**Problem:** Would you restate, word for word, only the lines starting at the one with "2011 GMC Terrain SLE-1" and ending with the final line of the entries below? Pictures stay out.

Extracted data entries
--- START ---
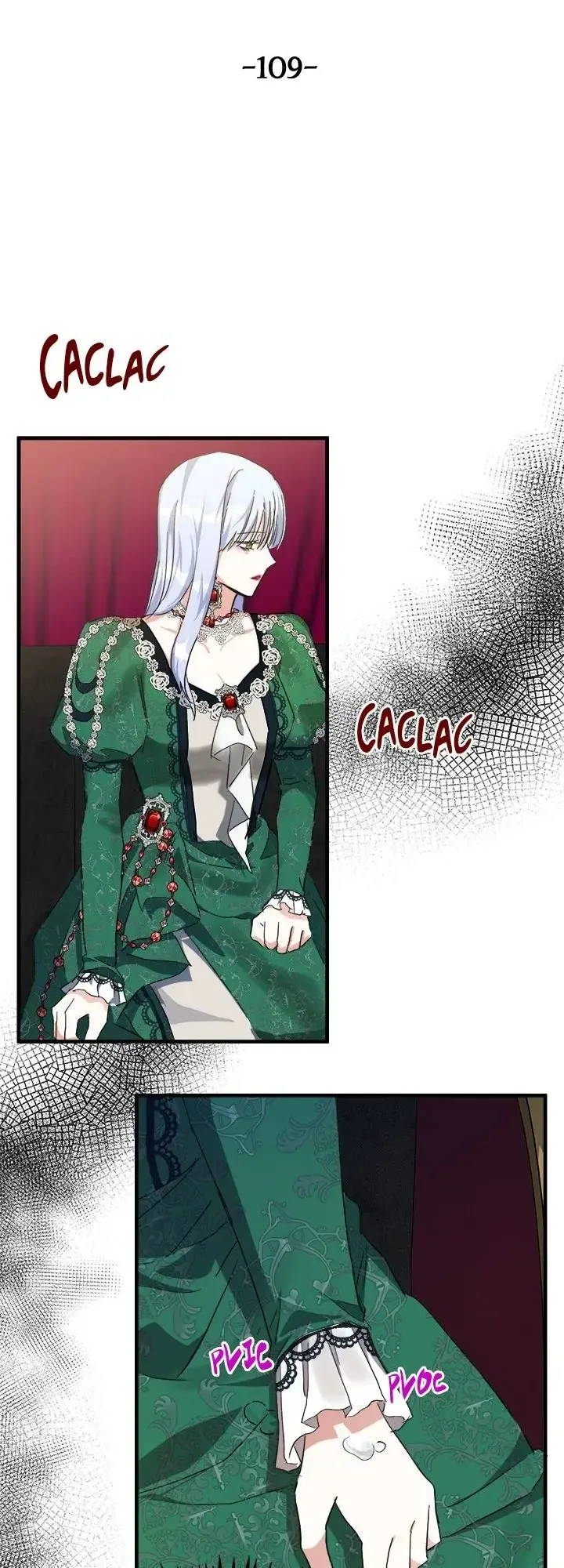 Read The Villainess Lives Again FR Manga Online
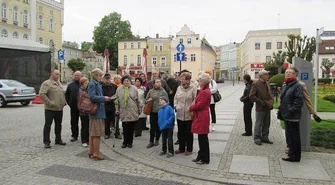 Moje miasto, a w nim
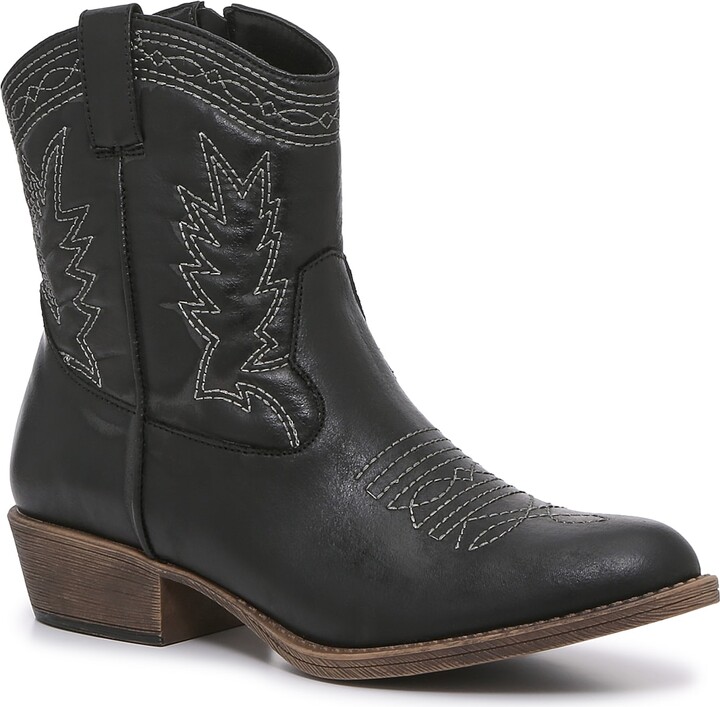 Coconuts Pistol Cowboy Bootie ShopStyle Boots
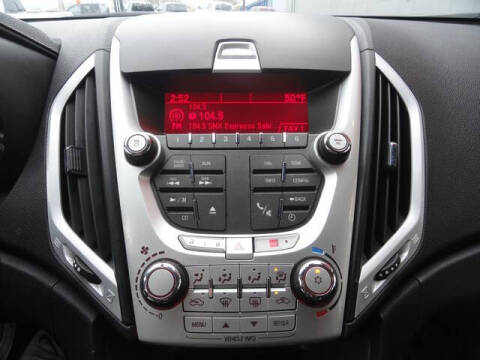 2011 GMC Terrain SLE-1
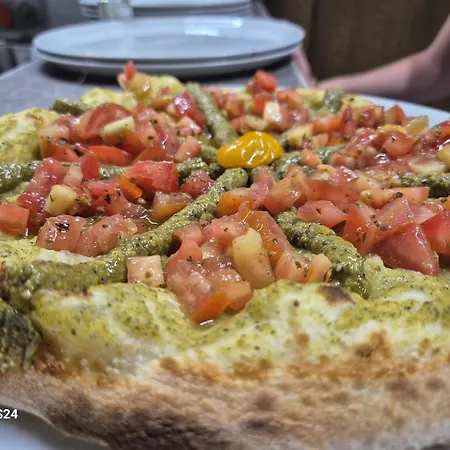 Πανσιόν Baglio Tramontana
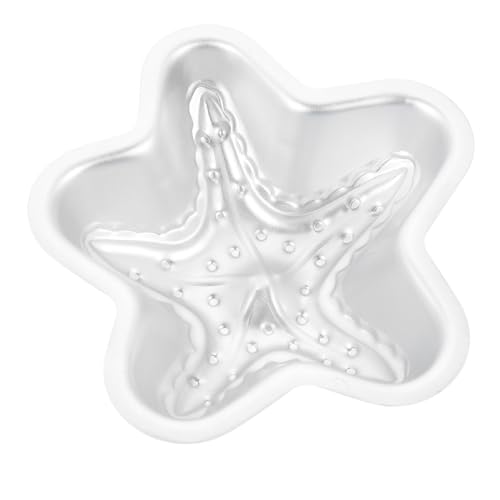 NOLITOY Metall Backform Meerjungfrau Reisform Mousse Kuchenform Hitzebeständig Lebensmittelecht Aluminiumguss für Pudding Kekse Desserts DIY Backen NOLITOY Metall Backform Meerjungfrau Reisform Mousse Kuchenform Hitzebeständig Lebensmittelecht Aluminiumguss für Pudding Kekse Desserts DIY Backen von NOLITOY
--- END ---
**Result of the task:**
 2011 GMC Terrain SLE-1
 Πανσιόν Baglio Tramontana
 NOLITOY Metall Backform Meerjungfrau Reisform Mousse Kuchenform Hitzebeständig Lebensmittelecht Aluminiumguss für Pudding Kekse Desserts DIY Backen NOLITOY Metall Backform Meerjungfrau Reisform Mousse Kuchenform Hitzebeständig Lebensmittelecht Aluminiumguss für Pudding Kekse Desserts DIY Backen von NOLITOY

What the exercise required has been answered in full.